Biasa Aja...
Jadi “Orang Biasa”
Akhir-akhir ini terjadi fenomena yang menarik, pada tokoh-tokoh di Negeri kita. Yaitu sebuah trend untuk jadi “orang biasa”.
Mulai dari tampil dengan fashion dan style “biasa”, ada yang menunjukkan perilaku seperti “orang biasa”, bahkan ada yang mengaku-aku bahwa dirinya adalah “orang biasa”.
Menarik sekali fenomena ini.
Mengapa banyak orang jadi terpukau dengan yang namanya "orang biasa"?
Adakah yang luarbiasa dari sekadar menjadi "orang biasa"?
Bagi “orang biasa” seharusnya menjadi "biasa" itu yah ...
Biasa saja.
Seorang yang biasa jangan dilebih-lebihkan seakan jadi luarbiasa, begitu pula jangan dikurang-kurangi hingga akhirnya juga jadi luarbiasa.
Sederhana saja …
Yang namanya biasa itu adalah suatu keadaan, tindakan atau perilaku yang telah lazim dilakukan. Jadi setiap saat perilaku atau keadaanya adalah demikian. Jika memang ada sebuah perubahan perilaku yang berlebih atau berkurang, maka itu bisa dikatakan sebuah upaya atau usaha untuk mengubah sesuatu yang sudah sewajarnya jadi tidak biasa.
Memang tak ada standar yang jelas mengenai hal ini.
Standar “biasa” bagi masing-masing orang jelas berbeda-beda.

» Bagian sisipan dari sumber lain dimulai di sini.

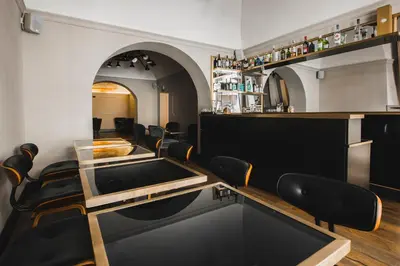 a bar with black chairs and a table in a room at Relais 88 in Rome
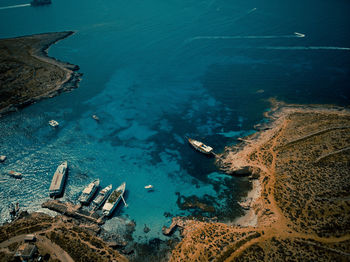 High angle view of boats moored on sea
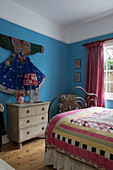 Ethnic dress displayed above chest of drawers with patchwork cover on bed in room of Sussex home England UK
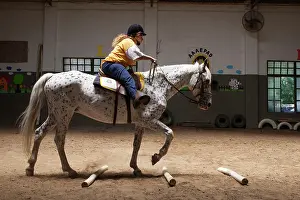 Saddle: Paraplegic woman on horse in a horse therapy center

Misalnya bagi saya yang sehari-hari naik sepeda motor, itu adalah hal yang “biasa”, baru jika saya naik sepeda kayuh tiap hari ketika bekerja, tentu ini akan jadi hal yang luar biasa.
Begitu pula sebaliknya, jika ada yang sehari-hari sudah naik sepeda kayuh lalu kemudian jadi naik mobil mewah, tentu ini jadi luarbiasa juga.
Sama-sama menjadi luarbiasa.
Saya kira ini adalah fenomena yang tidak biasa akhir-akhir ini.
Tanpa disadari yang terjadi bukan malah jadi “biasa” namun perlombaan untuk jadi “luarbiasa”.
Misalnya hal yang biasa, namum diekspose media besar-besaran, maka hal yang “biasa” tadi akan berubah jadi luarbiasa.
Lalu apa yang terjadi pada diri masyarakat kita?
Memang kita sudah bosan oleh sajian informasi, visualisasi dan sajian-sajian glamour, yang sama sekali jauh dari realita atau keadaan masyarakat sehari-hari.
Masyarakat kita yang banyak hilir-mudik berkeringat tiap hari untuk mengejar kebutuhan hidup, masyarakat kita yang bersandal jepit, masyarakat kita yang tinggal di Rumah Sangat Sederhana dan kontrakan-kontrakan murah, masyarakat kita yang sehari-hari hanya sempat makan nasi bungkus, masyarakat kita yang tak berdasi, masyarakat kita yang sudah muak dengan janji-janji, masyarakat kita yang bingung karena biaya sekolah makin tinggi, masyarakat kita yang masih banyak menunggu panggilan kerja, masyarakat kita yang perlu nasi dan BBM murah, masyarakat kita yang muak oleh para koruptor … Dan sebagainya.
Ini realita yang ada … Ini adalah keadaan “biasa” di Negeri ini dari yang sering disebut sebagai “orang biasa”. Keadaan ini ditangkap oleh mereka yang berkepentingan.
Sebuah upaya kamuflase?
Bukankah bunglon akan mengubah warnanya sesuai dengan tempat dimana ia berada?
Lalu … hup … Sang mangsa akhirnya diterkam. Perumpamaan ini begitu difahami oleh mereka yang berkepentingan.
Coba … Sajikan saja penampilan yang tak merakyat, tentu tak akan banyak simpati. Namun ditengah hiruk-pikuk hidup Negeri ini, ketika ada tokoh yang mau tampil “biasa” tentu, akan banyak dapat simpati.
Maka, kita sendiri yang dituntut jeli, manakah hal yang “biasa” dan manakah yang “membiasa”. Selebihnya …. Terserah Anda.